An African mother and daughter who fled the Sudanese Civil War have made global health education a family affair in Scotland.
When Rose Tibi and her daughter, Carol, escaped the conflict in Sudan in the 1980s, neither of them guessed that Carol would also follow in her mother’s educational footsteps as part of the Institute for Global Health & Development (IGHD) at Queen Margaret University (QMU), Edinburgh.
Both Rose and Carol were both taught by Professor Alastair Ager, Director of IGHD, but 25 years apart.
Rose had been working as a registered nurse in South Sudan for 10 years before fleeing to Scotland, where her husband was also studying at the time. Luckily, she managed to leave South Sudan two days before Omar Hassan al-Bashir took control of the country.
When she sought asylum in Scotland in 1989 with her two young children, Rose did not expect it to be such a difficult experience. At that time there were only six black African families living in Edinburgh. She and her family faced many racially motivated attacks, both in their home and in the streets.
Rose was able to find a job as a nurse in Edinburgh, but facing the inequalities of the early 1990s, she could not find a position equal to the level she had worked at in South Sudan. Being from a culture where education is a priority, she knew she had to up her skills and return to university in order to improve her job prospects.
In 1993, Rose decided to enroll on the MSc International Health at QMU, as she knew she would like to work in the developing world or to help refugees with health issues in the Lothian area.
During her year at QMU, Rose studied the Health Management module with students from a wide range of countries, including nationalities from Asia, Africa and Europe.
Commenting on her experience, Rose said: “I was determined to balance being a full time mum with two part time jobs, as well as studying a full time Masters course at QMU. Although I found it challenging, I eventually graduated from QMU in 1994 and returned to private sector nursing, working mostly in nursing homes.”
Due to her long time interest in maternal health, and with help from her employer, Rose returned to QMU again in 1999 to take the one year Health Visitor course. During this time, she was granted citizenship in Scotland.

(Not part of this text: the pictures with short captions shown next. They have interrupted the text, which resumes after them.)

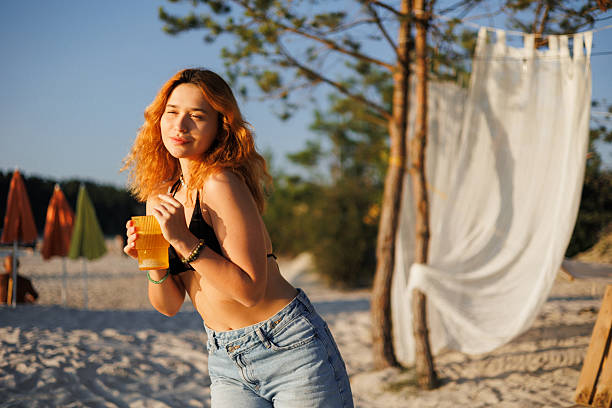 A vibrant young woman relaxes on a pristine beach, holding a frosty glass of tropical drink as sunlight glints off the condensation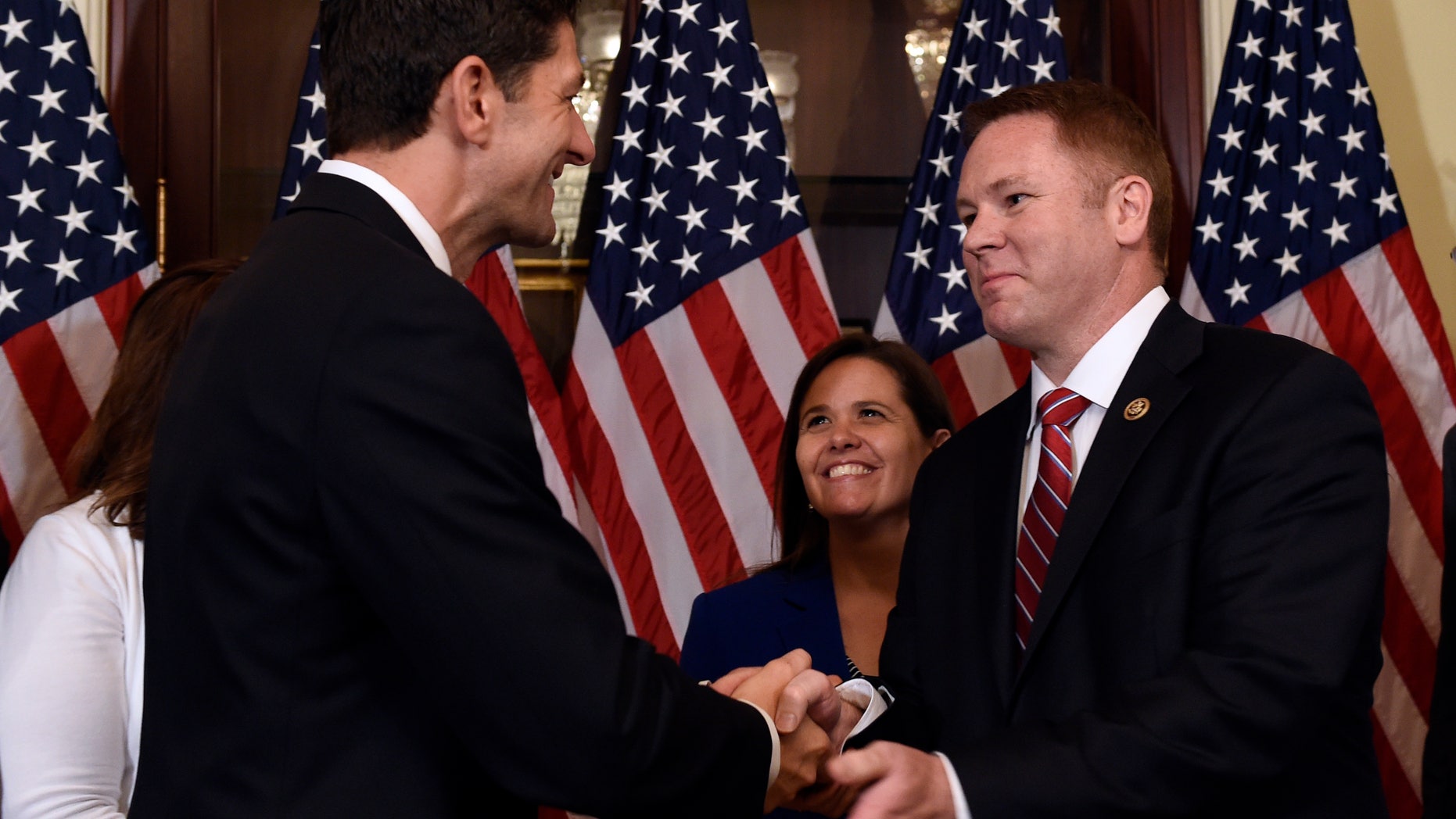 June 9, 2016: House Speaker Paul Ryan of Wis., left, shakes hands with Rep.-elect Warren Davidson, R-Ohio, right, before Davidson is officially sworn in on Capitol Hill in Washington.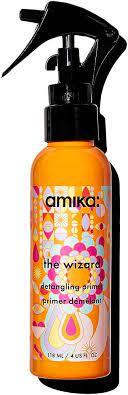 A bottle of 'The Wizard' detangling spray by Amika, with a orange label and black spray nozzle.
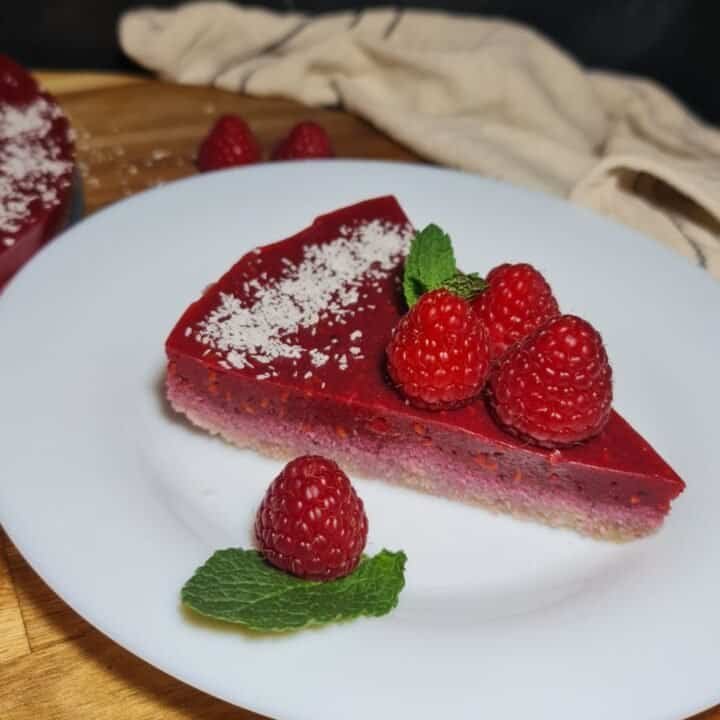 A slice of guilt-free raspberry cake garnished with fresh raspberries and mint leaves on a white plate.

Rose added: “I believe both courses I took at QMU have enabled me to be where I am now with my career and life in Edinburgh, as well as empowering me to get a job I enjoy and feel passionately about.”
Since graduating, Rose has worked as a Health Visitor at various locations around Edinburgh, setting up local community groups for new parents where they can share baby massage and baby sign language skills.
Her studies in global health also influenced her to work with local groups like Shakti Women’s Aid, a charity which fights against domestic violence within black ethnic minority groups, and the Minority Ethnic Health Inclusion Service (MEHIS), which is part of NHS Lothian.
Rose’s daughter, Carol, started studying MSc Global Health at IGHD in January 2017. With her background in psychology and counselling, Carol is now able to widen her horizons and apply a global perspective to the topics she is studying.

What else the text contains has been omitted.